» INFORMATION GIVEN:
•••

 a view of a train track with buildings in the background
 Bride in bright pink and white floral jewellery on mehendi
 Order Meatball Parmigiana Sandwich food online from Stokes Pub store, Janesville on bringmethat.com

•••

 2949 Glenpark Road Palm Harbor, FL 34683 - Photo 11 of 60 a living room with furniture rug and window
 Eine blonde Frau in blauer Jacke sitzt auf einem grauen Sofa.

•••

» EXERCISE AIM: Would you copy out exactly the lines above that start at the one containing "Bride in bright" and end at the one containing "Order Meatball Parmigiana", inclusive?

» SOLUTION BELOW:
 Bride in bright pink and white floral jewellery on mehendi
 Order Meatball Parmigiana Sandwich food online from Stokes Pub store, Janesville on bringmethat.com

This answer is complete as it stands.